Deuterium's nucleus (a deuteron) is about twice as heavy as hydrogen's proton, so its reduced mass is closer to the free-electron mass: μ_D/μ_H ≈ 1.000272. Since energies scale with μ, every deuterium line is shifted to slightly higher energy (shorter wavelength). For the Balmer-alpha line near 656.3 nm the shift is about 0.18 nm — exactly the isotope shift Harold Urey used to discover deuterium in 1931.
Does reduced mass apply to orbital periods and Kepler's third law?
Yes. The exact form of Kepler's third law for two gravitating bodies is T² = 4π²a³/[G(m₁+m₂)], where a is the semi-major axis of the RELATIVE orbit. The reduced mass μ appears in the energy and angular momentum of that relative orbit, while the total mass (m₁+m₂) sets the period.
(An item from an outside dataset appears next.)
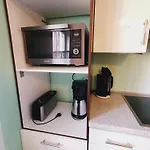 Daire Helene Hohenems, 4-12 P, Haus, 4 Schlafzimmer, Kueche, Parkplatz, Garten, Wifi Hohenems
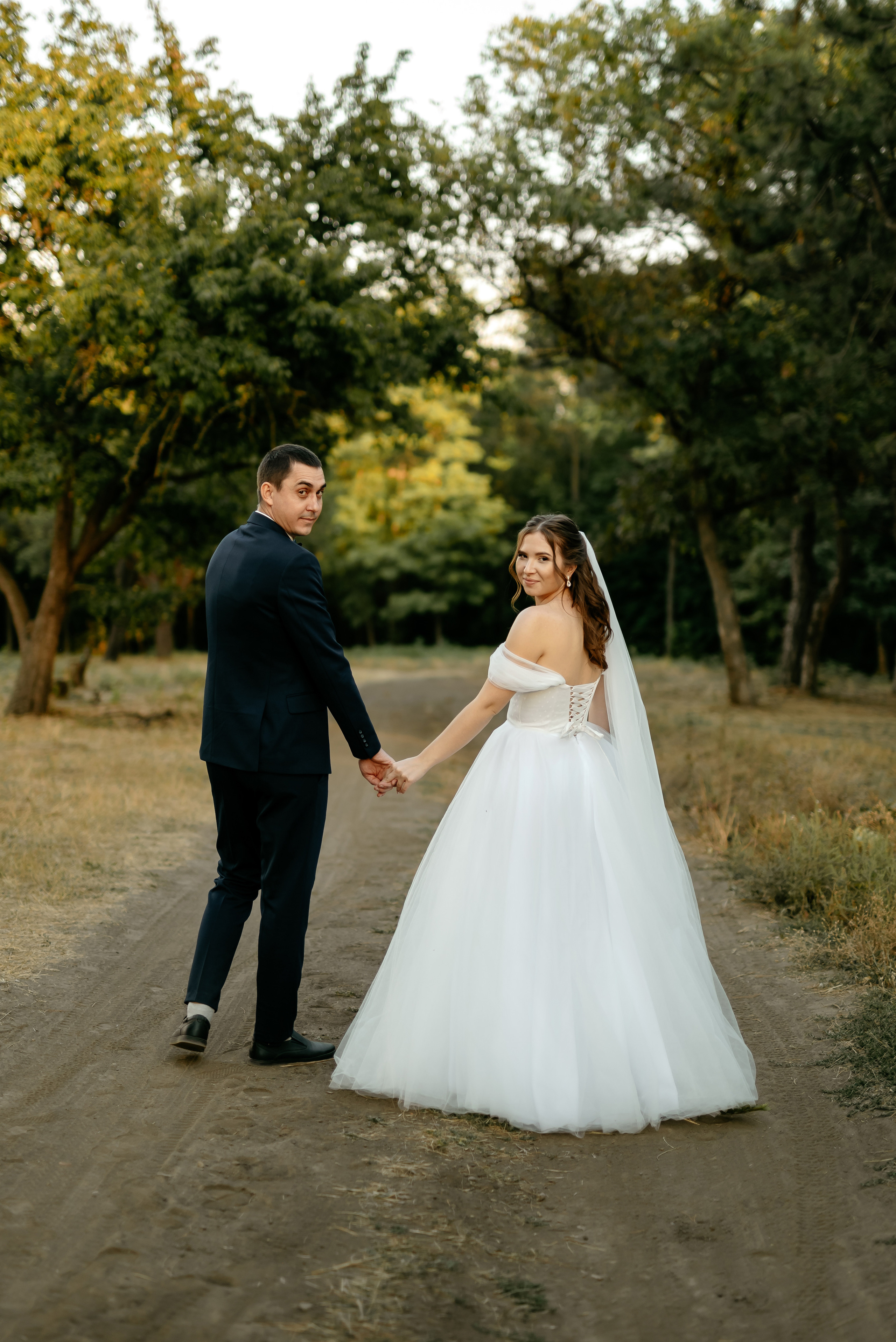 Где провести свадебную фотосессию в Ростове. Фотограф Анастасия Вега Ростов-на-Дону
For the Sun–Earth system the correction from treating the Sun as fixed is only ~3 parts per million, but for equal-mass binary stars it is a factor of √2 in period.
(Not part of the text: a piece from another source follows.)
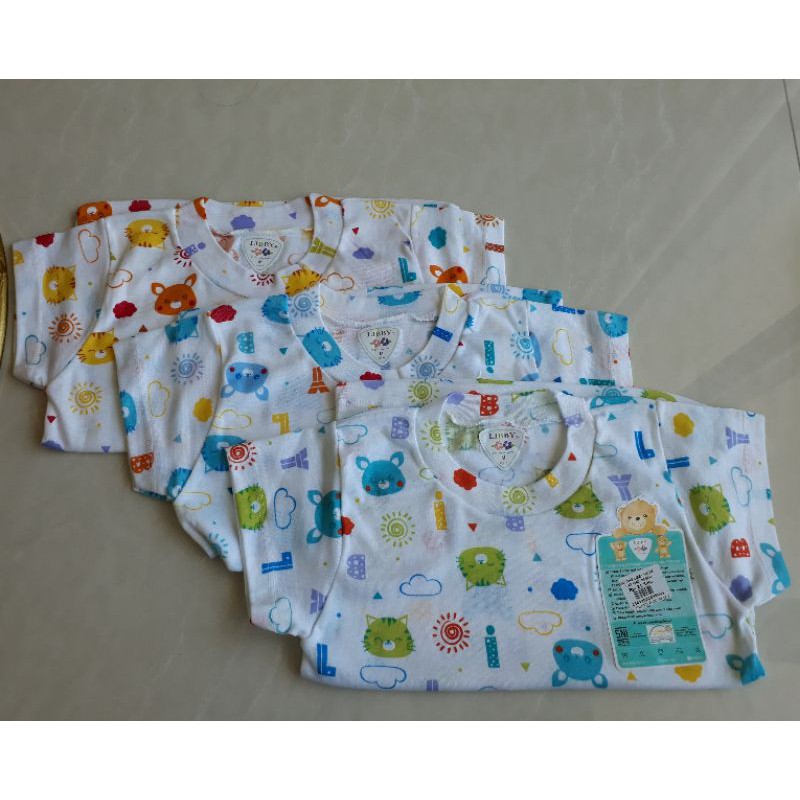 Oblong Libby size SM besar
What is reduced mass used for in molecular vibrations?
A diatomic molecule vibrates like two masses on a spring, and its vibrational frequency is ω = √(k/μ), using the reduced mass of the two atoms rather than either atomic mass. This is why replacing hydrogen with deuterium (roughly doubling that atom's mass) lowers a C–H stretch frequency by a factor near √2 — the basis of kinetic isotope effects and much of vibrational (infrared and Raman) spectroscopy.